Question

The motion of a particle is described as $s=2-3t+4t^3$. What is the acceleration of the particle at the point where its velocity is zero?

• A. $0$
• B. $4unit$
• C. $8unit$
• D. $12unit$

Answer 1

The correct option is D

$12unit$

Step 1: Given data

The motion of a particle is described as $s=2-3t+4t^3$

Step 2: Formula used-

The relation between the velocity and displacement is given as follows-

$v=\frac{ds}{dt}$

Acceleration will be calculated using the formula-

$a=\frac{dv}{dt}$

Step 3: Compute the time $t$ where velocity is zero

It is understood that velocity is the rate of change of displacement. It means $v=\frac{ds}{dt}$. So,

$\begin{array}{rcl}s& =& 2-3t+4t^3\\ \frac{ds}{dt}& =& -3+12t^2\\ v& =& -3+12t^2----\left(1\right)\end{array}$

So, the time $t$ where velocity is zero,

$\begin{array}{rcl}-3+12t^2& =& 0\\ 12t^2& =& 3\\ t^2& =& \frac{1}{4}\\ t& =& \frac{1}{2}\end{array}$

Step 4: Compute acceleration of the particle

We know that the change in velocity with respect to time represents acceleration.

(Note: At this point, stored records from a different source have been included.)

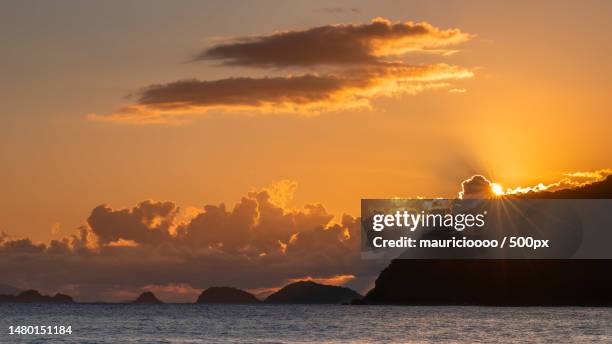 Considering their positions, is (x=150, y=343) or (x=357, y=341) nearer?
(x=150, y=343)

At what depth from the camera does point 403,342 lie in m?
138

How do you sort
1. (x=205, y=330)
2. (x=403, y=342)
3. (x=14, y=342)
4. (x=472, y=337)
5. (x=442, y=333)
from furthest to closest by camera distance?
1. (x=205, y=330)
2. (x=442, y=333)
3. (x=472, y=337)
4. (x=403, y=342)
5. (x=14, y=342)

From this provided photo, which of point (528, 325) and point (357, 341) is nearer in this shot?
point (357, 341)

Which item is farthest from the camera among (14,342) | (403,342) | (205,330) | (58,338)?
(205,330)

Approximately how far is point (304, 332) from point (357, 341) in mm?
21602

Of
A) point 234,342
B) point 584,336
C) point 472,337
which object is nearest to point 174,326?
point 234,342

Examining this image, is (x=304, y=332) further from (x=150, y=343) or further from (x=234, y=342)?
(x=150, y=343)

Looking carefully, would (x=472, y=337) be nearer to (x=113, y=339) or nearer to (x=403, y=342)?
(x=403, y=342)

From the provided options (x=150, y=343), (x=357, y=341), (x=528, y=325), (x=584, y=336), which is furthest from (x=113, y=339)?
(x=528, y=325)

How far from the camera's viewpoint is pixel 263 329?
561ft

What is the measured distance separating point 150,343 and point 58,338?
450 inches

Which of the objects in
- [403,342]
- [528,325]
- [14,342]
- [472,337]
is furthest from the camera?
[528,325]

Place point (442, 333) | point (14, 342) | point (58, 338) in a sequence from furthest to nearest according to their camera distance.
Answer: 1. point (442, 333)
2. point (58, 338)
3. point (14, 342)

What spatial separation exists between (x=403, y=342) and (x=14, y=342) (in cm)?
5041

So, $a=\frac{dv}{dt}$

$\begin{array}{rcl}v& =& -3+12t^2\\ \frac{dv}{dt}& =& 24t\\ a_{t=\frac{1}{2}}& =& 24\times \frac{1}{2}\\ a_{t=\frac{1}{2}}& =& 12\\ & & \end{array}$

So, the acceleration of the particle at the point would be $12unit$.

Hence, option D is the correct answer.